United States TV coverage
- Network: Fox
- Announcers: Dick Stockton, Charles Davis, Chris Myers and Laura Okmin
- Nielsen ratings: 6.8

= 2010 Orange Bowl =

The 2010 FedEx Orange Bowl game featured the Georgia Tech Yellow Jackets and the Iowa Hawkeyes on Tuesday, January 5, 2010, at Land Shark Stadium in Miami Gardens, Florida. Iowa won the game 24–14, securing the Hawkeyes' first major bowl win since the 1959 Rose Bowl.

Georgia Tech was selected to participate in the Orange Bowl after an 11–2 season that culminated in a 39–34 victory in the 2009 ACC Championship Game. Iowa was selected as the other half of the matchup after a 10–2 season that ended with a 12–0 win against Minnesota. In the weeks between the teams' selection and the playing of the game, media attention focused on Georgia Tech's proficient offense and Iowa's highly rated defense.

The game was part of the 2009–10 Bowl Championship Series (BCS) of the 2009 NCAA Division I FBS football season and the last game of the season for both teams. It was the coldest Orange Bowl in Miami's history with a kick-off temperature of 49 degrees.

The game was televised in the United States on FOX, and marked the end of the broadcast agreement between the BCS and FOX, as ESPN took over all BCS broadcast rights in 2011. This was Iowa's second Orange Bowl appearance (first appearance in 2003 Orange Bowl), and Georgia Tech's sixth appearance, but first since 1967. It was the first time that the two teams had played against each other.

On July 14, 2011, the NCAA vacated Georgia Tech's appearance in the bowl game as a consequence for violations committed by the football program.

==Team selection==
The Orange Bowl is one of five Bowl Championship Series (BCS) bowl games that have been played at the conclusion of every college football season since 2006. As defined by contract, the bowl matches the champion of the Atlantic Coast Conference (ACC) against an at-large pick chosen by a special committee. On December 5, 2009, the Georgia Tech Yellow Jackets defeated the Clemson Tigers in the 2009 ACC Championship Game, thus winning an automatic bid to the 2010 Orange Bowl Game.

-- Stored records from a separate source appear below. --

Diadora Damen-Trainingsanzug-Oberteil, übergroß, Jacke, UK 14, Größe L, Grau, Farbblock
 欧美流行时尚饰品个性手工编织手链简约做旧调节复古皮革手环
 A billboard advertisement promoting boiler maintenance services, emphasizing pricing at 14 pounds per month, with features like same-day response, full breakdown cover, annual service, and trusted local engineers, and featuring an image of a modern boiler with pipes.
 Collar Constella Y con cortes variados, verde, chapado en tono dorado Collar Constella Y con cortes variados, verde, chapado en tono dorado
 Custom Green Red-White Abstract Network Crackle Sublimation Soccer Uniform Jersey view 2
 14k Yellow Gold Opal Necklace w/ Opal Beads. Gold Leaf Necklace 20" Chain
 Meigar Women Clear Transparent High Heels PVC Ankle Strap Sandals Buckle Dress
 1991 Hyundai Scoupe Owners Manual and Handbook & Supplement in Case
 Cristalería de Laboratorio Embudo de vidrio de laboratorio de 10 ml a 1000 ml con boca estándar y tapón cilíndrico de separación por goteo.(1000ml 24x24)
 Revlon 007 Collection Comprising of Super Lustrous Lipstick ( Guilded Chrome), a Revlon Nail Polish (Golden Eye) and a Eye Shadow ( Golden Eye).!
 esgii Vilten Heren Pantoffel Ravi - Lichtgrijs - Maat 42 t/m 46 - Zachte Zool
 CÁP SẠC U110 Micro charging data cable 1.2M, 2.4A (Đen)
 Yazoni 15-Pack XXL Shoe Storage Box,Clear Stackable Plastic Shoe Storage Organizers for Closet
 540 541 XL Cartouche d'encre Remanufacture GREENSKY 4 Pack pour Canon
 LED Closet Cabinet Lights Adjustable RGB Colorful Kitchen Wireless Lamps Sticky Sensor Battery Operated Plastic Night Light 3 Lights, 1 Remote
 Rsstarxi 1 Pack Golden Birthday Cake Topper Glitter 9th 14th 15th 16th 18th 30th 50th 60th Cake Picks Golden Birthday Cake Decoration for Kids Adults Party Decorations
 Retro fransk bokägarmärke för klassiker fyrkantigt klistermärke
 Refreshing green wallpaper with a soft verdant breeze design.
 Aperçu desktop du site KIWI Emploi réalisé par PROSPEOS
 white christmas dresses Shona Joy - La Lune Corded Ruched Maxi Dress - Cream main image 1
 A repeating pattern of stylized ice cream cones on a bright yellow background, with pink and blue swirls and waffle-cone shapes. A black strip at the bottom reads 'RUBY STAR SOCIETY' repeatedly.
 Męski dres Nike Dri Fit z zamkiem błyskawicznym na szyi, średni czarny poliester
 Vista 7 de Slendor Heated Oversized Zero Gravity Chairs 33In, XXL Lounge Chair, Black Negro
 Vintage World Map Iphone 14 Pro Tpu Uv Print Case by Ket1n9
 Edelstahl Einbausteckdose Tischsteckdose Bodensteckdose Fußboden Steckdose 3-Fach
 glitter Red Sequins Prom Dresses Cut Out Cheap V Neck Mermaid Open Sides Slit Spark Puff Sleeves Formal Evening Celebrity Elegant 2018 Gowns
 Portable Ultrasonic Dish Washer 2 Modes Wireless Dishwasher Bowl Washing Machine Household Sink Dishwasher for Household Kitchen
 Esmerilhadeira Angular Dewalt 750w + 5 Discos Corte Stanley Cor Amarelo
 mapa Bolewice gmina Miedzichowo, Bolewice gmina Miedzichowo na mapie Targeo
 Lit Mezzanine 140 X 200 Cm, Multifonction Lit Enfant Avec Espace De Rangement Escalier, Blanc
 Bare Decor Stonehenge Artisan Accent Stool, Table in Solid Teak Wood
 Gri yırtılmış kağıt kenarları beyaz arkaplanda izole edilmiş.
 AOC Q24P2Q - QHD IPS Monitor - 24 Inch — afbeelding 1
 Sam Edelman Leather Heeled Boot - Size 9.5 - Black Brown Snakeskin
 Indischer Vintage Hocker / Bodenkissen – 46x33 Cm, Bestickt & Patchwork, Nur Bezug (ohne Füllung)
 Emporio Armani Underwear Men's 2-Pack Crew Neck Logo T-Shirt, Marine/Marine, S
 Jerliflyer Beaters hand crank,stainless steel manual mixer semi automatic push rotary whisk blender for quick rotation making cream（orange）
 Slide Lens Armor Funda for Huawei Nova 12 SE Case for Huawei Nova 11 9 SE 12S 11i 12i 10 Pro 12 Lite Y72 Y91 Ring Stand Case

The at-large spot in the Orange Bowl was filled via a round-robin selection procedure defined by the other Bowl Championship series games (the Sugar, Fiesta, and Rose bowls) and the automatic bids. The order of at-large selections rotates annually among the BCS bowls. In 2010, after the bowls who lost host teams to the 2010 BCS National Championship Game chose their replacements, the Orange Bowl picked first, followed by the Fiesta Bowl, then the Sugar Bowl.
Having lost their SEC tie-in (Alabama Crimson Tide) to the national title game, the Sugar Bowl chose the Florida Gators as the replacement. Likewise, the Fiesta Bowl picked the Texas Christian Horned Frogs to replace the Big-12 champion 2010 Texas Longhorns. The Orange Bowl then selected the Iowa Hawkeyes, while the Fiesta Bowl picked the Boise State Broncos to set up a battle of the unbeatens. The Sugar Bowl was thus left to select Big East Conference champion Cincinnati Bearcats, fulfilling the BCS' contractual obligation to provide a game for the conference's champion.

===Iowa===

The Hawkeyes entered the 2009 season after a 9–4 overall 2008 record that included a 31–10 win in the 2009 Outback Bowl over South Carolina. Iowa's first game over Northern Iowa was a sign of things to come in the season. With 7 seconds left in the game, Northern Iowa attempted a 40-yard field goal that was blocked. Iowa avoided touching the ball thinking the ball had crossed the line of scrimmage, while in fact it had not. Northern Iowa's recovery allowed for another attempt with 1 second left. But once again, the attempt was blocked, giving Iowa a 17–16 victory.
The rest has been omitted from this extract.